First method is the mentioned before means to provide the type of the current colorizer to the visualization widget for the user reference.

/*! @brief Get type of the colorizer.
 *  @return Value of enum ColorizerType 
	corresponding to the current colorizer.
 */
virtual ColorizerType getType() = 0;

It has a Doxygen comment block giving the brief description of the method, as well as the description of the return value. This method is specified as virtual, meaning that when the caller has the pointer to the interface, calling a method on it will execute the method’s implementation in the concrete subclass. This concept is often called override, and is required for following the core object-oriented programming principle of polymorphism.

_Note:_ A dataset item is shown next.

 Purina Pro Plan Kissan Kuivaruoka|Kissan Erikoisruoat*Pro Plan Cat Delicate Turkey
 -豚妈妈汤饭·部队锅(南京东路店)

Additionally, it is an abstract or purely virtual method, which is indicated by = 0 after the method's name. This means that the interface IColorizer provides NO implementation for this method, and this method MUST be implemented in subclasses. This is a requirement for an interface, as interface specifies only a set of methods. If you need to have some basic/base implementation for some of the methods, then instead of an interface you will need a similar concept that is called abstract base class, and when you provide default implementation for all of the methods, then it is simply a base class. But in both those cases, it will already be under the focus of another core object-oriented programming principle of inheritance.

IV.2 Transfer function

Second method is the essence of the transfer function: converting data values to colors.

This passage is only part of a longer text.